Data excerpts:

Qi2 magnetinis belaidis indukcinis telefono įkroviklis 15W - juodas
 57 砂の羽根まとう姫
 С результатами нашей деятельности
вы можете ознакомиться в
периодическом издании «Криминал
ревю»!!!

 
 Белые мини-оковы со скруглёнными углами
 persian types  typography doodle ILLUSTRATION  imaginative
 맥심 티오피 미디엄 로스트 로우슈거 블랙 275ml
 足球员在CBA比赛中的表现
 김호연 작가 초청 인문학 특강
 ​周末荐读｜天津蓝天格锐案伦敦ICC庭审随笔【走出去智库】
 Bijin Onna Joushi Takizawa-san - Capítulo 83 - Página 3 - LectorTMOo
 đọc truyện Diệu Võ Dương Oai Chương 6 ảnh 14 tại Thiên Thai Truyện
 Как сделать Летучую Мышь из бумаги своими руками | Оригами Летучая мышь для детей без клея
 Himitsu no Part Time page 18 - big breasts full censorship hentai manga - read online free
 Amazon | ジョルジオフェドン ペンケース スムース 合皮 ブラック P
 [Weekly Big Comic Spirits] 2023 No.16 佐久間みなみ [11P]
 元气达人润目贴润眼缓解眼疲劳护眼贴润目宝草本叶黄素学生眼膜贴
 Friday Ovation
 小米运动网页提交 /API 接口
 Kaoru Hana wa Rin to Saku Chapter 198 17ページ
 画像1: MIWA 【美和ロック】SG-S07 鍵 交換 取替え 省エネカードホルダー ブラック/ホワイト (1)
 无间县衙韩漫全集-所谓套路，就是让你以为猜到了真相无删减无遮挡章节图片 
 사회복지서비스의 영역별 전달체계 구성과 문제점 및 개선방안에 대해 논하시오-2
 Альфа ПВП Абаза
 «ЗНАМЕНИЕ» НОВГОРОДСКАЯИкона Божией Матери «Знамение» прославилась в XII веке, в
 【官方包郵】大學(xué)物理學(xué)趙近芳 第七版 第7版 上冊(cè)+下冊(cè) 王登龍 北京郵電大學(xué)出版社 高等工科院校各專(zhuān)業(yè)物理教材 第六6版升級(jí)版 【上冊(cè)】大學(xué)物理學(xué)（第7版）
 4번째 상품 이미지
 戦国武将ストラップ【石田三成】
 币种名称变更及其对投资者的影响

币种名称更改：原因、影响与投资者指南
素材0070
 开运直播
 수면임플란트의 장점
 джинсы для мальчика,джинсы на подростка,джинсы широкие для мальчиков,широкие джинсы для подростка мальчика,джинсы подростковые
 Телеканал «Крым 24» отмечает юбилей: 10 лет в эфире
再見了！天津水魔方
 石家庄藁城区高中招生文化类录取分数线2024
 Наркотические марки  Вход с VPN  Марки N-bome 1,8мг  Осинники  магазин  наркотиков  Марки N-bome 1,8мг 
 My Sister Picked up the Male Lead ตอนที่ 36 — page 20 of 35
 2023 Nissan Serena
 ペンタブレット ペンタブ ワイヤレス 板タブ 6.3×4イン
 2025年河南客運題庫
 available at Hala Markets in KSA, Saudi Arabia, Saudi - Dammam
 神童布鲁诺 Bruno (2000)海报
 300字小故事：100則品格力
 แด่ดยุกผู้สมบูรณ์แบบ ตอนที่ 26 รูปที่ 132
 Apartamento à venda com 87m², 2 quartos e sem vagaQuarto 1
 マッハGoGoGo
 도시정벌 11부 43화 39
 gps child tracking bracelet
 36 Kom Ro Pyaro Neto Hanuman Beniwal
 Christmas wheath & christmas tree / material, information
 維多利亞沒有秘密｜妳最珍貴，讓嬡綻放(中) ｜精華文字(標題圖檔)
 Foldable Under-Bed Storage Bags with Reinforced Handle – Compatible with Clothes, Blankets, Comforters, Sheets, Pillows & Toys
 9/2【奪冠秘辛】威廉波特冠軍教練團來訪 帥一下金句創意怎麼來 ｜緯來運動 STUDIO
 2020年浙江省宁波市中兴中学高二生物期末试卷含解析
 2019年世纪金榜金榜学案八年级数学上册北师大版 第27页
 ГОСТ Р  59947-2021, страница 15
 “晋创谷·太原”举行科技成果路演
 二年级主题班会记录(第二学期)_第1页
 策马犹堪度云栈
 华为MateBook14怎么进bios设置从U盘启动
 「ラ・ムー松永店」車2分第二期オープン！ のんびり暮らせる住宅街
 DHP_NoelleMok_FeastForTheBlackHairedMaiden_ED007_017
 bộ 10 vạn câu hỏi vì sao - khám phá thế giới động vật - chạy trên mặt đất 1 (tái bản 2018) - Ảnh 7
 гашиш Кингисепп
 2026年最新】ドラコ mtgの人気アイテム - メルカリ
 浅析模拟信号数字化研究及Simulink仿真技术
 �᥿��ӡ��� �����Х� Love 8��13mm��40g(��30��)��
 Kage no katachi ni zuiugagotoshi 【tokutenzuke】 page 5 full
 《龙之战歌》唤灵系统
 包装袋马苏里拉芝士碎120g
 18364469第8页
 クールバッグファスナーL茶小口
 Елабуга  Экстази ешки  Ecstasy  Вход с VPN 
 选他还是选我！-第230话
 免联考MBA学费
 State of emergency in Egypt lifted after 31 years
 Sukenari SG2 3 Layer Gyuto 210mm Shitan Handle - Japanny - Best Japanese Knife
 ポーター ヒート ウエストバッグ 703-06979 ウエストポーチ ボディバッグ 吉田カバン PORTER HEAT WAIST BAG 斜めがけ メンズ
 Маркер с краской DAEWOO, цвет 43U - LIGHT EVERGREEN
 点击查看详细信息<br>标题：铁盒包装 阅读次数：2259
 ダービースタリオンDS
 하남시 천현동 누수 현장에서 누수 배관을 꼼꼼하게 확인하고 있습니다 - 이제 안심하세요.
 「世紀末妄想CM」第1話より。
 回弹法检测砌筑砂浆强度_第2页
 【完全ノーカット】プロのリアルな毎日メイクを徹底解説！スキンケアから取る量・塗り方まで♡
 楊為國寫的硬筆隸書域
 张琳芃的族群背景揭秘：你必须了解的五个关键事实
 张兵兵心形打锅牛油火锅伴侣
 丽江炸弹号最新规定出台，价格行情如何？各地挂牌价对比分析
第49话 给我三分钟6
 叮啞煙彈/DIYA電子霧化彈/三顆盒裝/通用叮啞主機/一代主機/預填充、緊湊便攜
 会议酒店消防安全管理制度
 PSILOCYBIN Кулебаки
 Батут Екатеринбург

Goal of the exercise: Using the listing above, work out how many lines contain the string "full" and return only that number.

Response to the exercise: 2